While the Southern front in Zaporizhzhia Oblast has been far from quiet, it has definitely been eclipsed by fighting in Donetsk and Luhansk, both when Russian Ground Forces seized Severodonetsk and Lysychansk in May and when the Ukrainian counter-offensive began in August.
However, the Zaporizhzhia front may be warming up again now that nearly 20k Ukrainian troops and 22k Russian troops have been freed up from Kherson city. While the Ukrainians still possess some operational momentum to attempt a crossing of the Dnieper there may have already been an attempt to probe Russian defenses on the Zaporizhzhia front.
According to Russian state-owned media:
“There was an attempt to break through the assault group at the beginning of last week. They had three companies of T-72 tanks, which were transferred by Poland, and T-64. We don’t know who was in the tanks: the Poles or the military of the Armed Forces of Ukraine. Also [there were] 20 BMP-1, YPR-765 armored personnel carriers. Ours discovered them with the help of drones and worked out the VKS, MLRS. Confirmed losses: five tanks, six infantry fighting vehicles, more than 20 Turkish Kirpi armored vehicles and SUVs. There were militants of the Azov battalion (banned in the Russian Federation – Note TASS), only they are now officially considered the 98th battalion of the defense of Dnepropetrovsk,”
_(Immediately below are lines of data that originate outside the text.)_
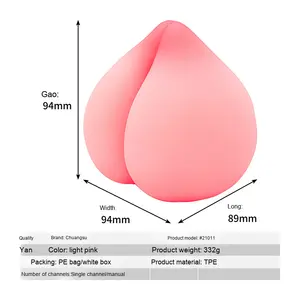 Toptan yetişkin erkek TPE gerçekçi şeftali meme topu seksi kalıp yerleştirilebilir Masturbator fincan vajina tipi seks bebek - Product Image 5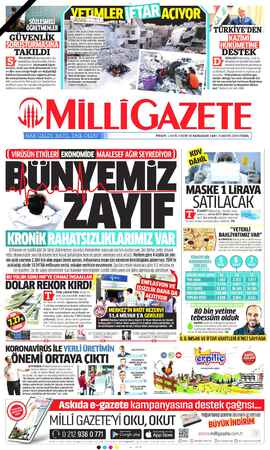 Milli Gazete sayfa 1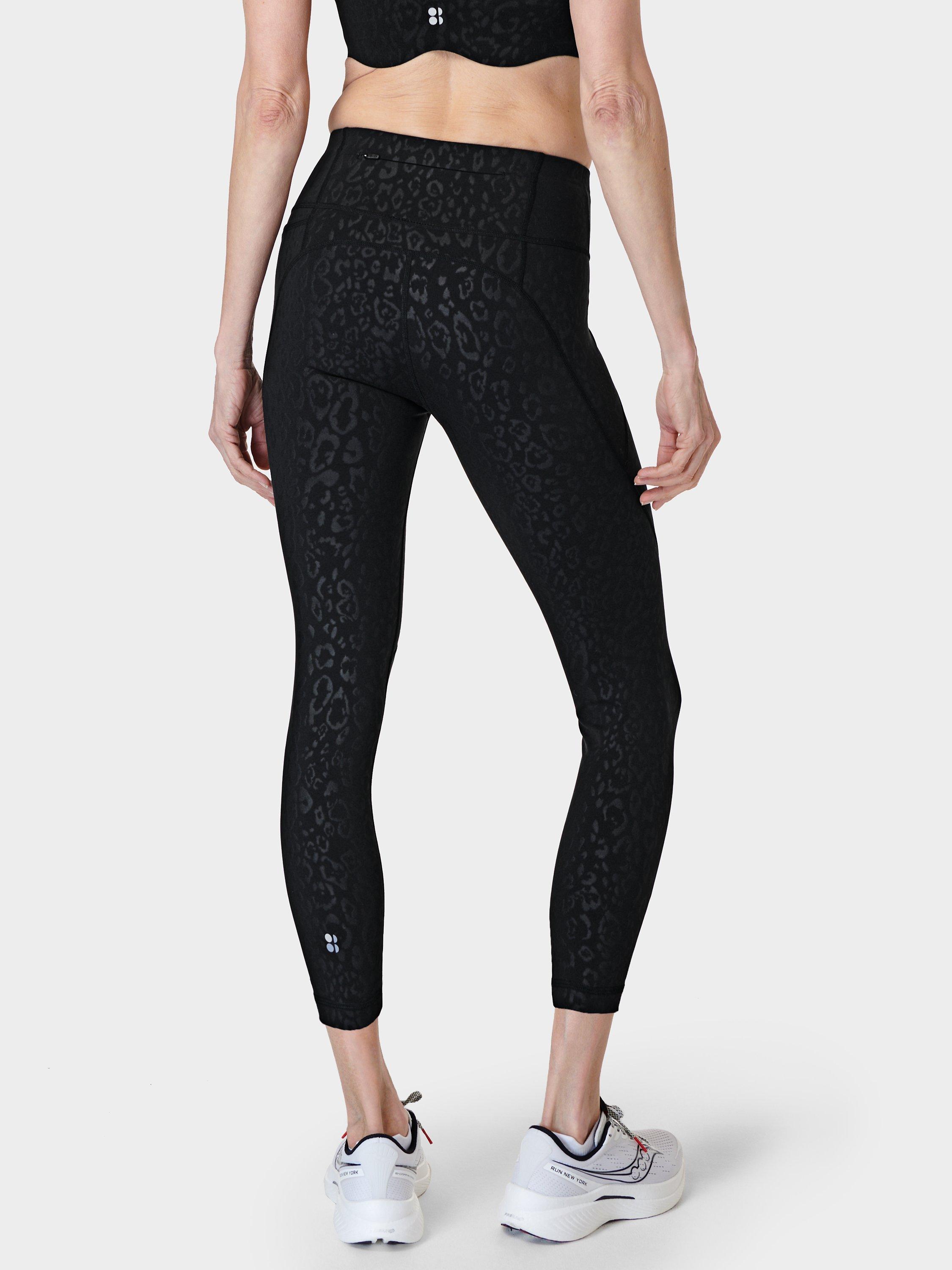 Sweaty Betty Power 7 8 Workout Leggings Black Leopard Emboss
While this is obviously biased single-source reporting, unverified by the Ukrainians, it is striking that mere days after Kherson city falls, reports emerge of a probing attack on the Zaporizhzhia front. Analysts would do well to observe indications and warnings concerning the movement of both Ukrainian and Russian troops from Kherson Oblast in order to discern where the next push may come from. While Western nations expect the front to “freeze” come Winter, the 2014 Donbass War showed us that Ukraine’s suburban areas are still able to host large campaigns throughout the cold months.